▶ [Aim of the exercise] Whenever a line of the data below holds the string "Gifts", copy that line.

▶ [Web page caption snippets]
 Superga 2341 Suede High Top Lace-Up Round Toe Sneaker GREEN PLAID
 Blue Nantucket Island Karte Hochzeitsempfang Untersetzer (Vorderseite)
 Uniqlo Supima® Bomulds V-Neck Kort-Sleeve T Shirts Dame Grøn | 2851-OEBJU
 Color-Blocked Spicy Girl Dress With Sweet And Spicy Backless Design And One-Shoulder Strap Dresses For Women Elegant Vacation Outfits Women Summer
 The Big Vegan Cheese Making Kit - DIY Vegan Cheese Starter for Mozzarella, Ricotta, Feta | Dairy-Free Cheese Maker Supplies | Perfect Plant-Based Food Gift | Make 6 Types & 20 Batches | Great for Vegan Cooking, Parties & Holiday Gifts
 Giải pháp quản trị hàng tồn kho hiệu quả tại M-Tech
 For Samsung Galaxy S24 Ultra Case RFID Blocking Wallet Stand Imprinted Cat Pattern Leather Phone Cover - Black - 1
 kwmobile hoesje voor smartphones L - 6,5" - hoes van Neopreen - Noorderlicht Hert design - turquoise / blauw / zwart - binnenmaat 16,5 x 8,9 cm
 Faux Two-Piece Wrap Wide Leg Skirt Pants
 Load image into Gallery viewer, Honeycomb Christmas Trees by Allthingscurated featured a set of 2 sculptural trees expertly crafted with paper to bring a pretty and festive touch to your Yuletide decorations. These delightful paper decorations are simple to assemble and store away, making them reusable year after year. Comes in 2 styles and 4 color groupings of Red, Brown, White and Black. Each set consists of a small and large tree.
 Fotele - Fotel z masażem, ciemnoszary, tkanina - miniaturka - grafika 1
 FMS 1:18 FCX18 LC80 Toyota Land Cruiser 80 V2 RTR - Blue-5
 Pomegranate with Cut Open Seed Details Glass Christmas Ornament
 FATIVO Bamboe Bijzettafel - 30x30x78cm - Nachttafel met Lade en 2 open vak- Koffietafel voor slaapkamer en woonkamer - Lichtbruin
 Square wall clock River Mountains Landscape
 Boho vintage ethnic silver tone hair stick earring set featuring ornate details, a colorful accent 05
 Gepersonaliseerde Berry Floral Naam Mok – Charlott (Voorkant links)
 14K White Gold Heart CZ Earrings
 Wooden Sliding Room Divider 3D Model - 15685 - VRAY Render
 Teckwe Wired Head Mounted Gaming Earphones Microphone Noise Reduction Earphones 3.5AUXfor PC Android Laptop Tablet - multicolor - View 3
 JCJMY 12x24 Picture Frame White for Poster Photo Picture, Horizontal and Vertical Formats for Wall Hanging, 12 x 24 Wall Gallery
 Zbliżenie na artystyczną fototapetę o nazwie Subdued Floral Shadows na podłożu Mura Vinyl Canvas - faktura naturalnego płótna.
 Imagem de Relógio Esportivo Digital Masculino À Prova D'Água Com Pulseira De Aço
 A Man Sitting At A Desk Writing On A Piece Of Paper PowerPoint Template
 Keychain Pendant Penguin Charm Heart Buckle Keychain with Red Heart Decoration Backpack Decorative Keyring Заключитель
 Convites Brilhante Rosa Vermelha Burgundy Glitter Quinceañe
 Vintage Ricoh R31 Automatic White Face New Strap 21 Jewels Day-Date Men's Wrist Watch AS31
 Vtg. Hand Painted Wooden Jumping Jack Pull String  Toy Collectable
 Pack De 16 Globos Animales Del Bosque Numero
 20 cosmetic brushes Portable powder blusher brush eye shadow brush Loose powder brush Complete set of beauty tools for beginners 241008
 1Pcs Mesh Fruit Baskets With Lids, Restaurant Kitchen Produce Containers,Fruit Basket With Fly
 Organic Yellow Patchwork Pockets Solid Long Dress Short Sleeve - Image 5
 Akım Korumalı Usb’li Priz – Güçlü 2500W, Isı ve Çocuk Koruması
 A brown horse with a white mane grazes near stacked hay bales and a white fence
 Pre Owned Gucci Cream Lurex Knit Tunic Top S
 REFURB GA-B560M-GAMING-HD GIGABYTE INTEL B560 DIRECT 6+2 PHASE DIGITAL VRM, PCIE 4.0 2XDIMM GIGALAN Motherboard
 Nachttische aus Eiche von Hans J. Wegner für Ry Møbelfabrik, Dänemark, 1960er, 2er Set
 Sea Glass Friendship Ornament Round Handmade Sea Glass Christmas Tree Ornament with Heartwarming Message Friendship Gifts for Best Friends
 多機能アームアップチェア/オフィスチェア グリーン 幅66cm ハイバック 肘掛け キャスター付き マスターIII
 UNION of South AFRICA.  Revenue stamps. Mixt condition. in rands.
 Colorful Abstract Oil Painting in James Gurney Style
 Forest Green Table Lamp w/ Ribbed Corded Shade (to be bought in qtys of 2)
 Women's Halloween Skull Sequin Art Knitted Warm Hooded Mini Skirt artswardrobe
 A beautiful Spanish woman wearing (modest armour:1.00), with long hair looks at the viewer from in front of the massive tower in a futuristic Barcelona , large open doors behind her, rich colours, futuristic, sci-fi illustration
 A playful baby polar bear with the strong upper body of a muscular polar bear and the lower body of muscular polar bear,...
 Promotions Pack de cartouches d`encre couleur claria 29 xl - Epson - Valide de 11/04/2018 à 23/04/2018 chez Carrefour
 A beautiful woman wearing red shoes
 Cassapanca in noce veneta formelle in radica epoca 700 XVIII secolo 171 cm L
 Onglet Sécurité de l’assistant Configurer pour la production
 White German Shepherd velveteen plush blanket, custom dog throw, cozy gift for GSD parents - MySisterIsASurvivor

▶ [Solution below]
 The Big Vegan Cheese Making Kit - DIY Vegan Cheese Starter for Mozzarella, Ricotta, Feta | Dairy-Free Cheese Maker Supplies | Perfect Plant-Based Food Gift | Make 6 Types & 20 Batches | Great for Vegan Cooking, Parties & Holiday Gifts
 Sea Glass Friendship Ornament Round Handmade Sea Glass Christmas Tree Ornament with Heartwarming Message Friendship Gifts for Best Friends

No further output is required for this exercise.